Photo by Brian Barger, Ralph Rinzler Folklife Archives and Collections, Smithsonian Institution
Members of the Northern Rangelands Trust, an organization made up of community conservancies, relax outside the newly constructed Borana hut.
Photo by Josh Weilepp, Ralph Rinzler Folklife Archives and Collections, Smithsonian Institution
Basket weavers from northern Kenya benefit communities and wildlife through the production and sale of their craft.
Photo by Benita Mayo, Ralph Rinzler Folklife Archives and Collections, Smithsonian Institution
The Living and Working with Wildlife area includes a Kenya Wildlife Service-style base camp with a ranger’s tent, complete with rescue gear, survival kit, and GPS equipment, as well as materials that explain the work of the KWS and the Hagerman Fossil Beds of the U.S. National Park Service.

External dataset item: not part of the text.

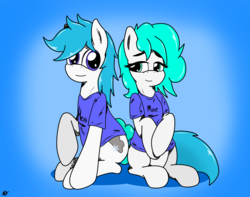 Size: 3234x2550 | Tagged: safe, alternate version, artist:takaneko13, oc, oc only, oc:flurrystratos, oc:snowystratos, pegasus, pony, clothes, cute, female, high res, male, mare, mother and son, shirt, sitting, stallion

Photo by Francisco Guerra, Ralph Rinzler Folklife Archives and Collections, Smithsonian Institution
A ranger talks with visitors about Kenya’s efforts to maintain and protect the country’s wildlife.
Photo by Maggie Pelta-Pauls, Ralph Rinzler Folklife Archives and Collections, Smithsonian Institution
Josephine Ekiru, a conservationist with the Nakuprat-Gotu Conservancy, participates in a discussion about wildlife and community on the Boma Stage.
Photo by Josh Weilepp, Ralph Rinzler Folklife Archives and Collections, Smithsonian Institution
A crowd watches a video feed from a watering hole at the Mpala Research Centre while Valerie May, executive producer of Mpala Live!, provides an explanation.
Photo by Pruitt Allen, Ralph Rinzler Folklife Archives and Collections, Smithsonian Institution
A young visitor interacts with a Maasai participant.